What to work on: The reply should hold nothing except the lines from the one with "Prepare the products." through the end of the entries, duplicated exactly and with no pictures.

START Provided records

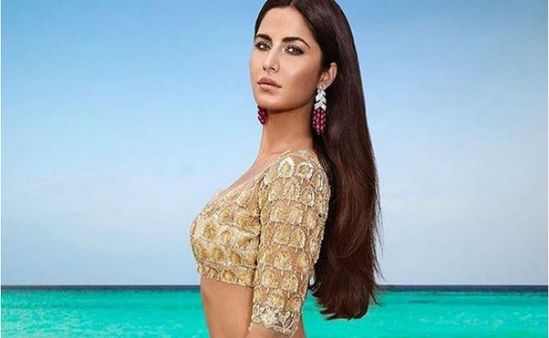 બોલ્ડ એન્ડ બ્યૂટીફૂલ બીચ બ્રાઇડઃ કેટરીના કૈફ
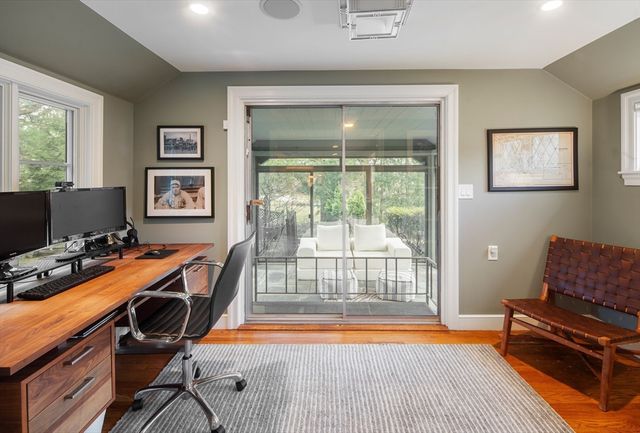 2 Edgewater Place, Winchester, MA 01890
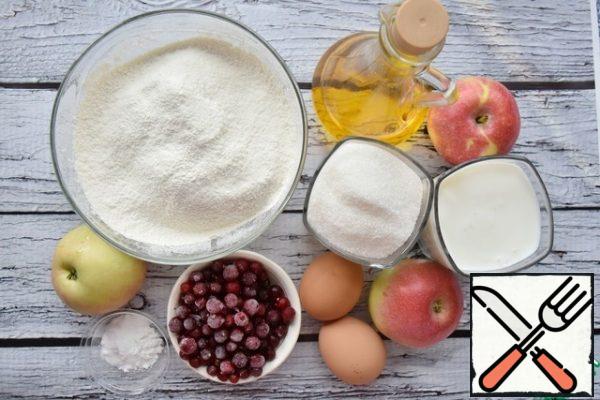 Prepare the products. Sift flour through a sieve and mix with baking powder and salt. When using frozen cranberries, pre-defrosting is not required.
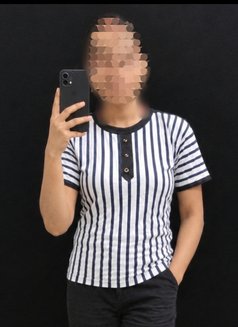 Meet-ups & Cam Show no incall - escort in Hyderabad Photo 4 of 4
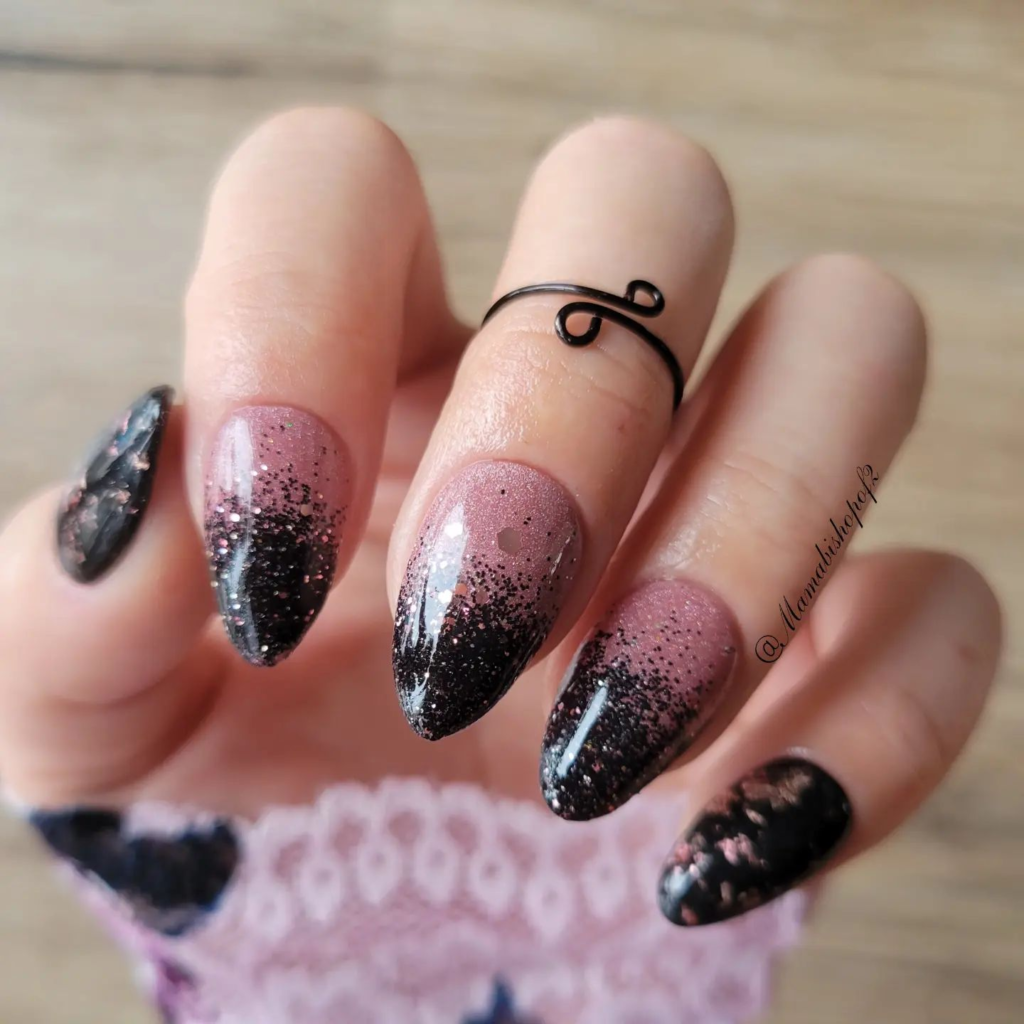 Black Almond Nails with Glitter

END Provided records

Reply:
 Prepare the products. Sift flour through a sieve and mix with baking powder and salt. When using frozen cranberries, pre-defrosting is not required.
 Meet-ups & Cam Show no incall - escort in Hyderabad Photo 4 of 4
 Black Almond Nails with Glitter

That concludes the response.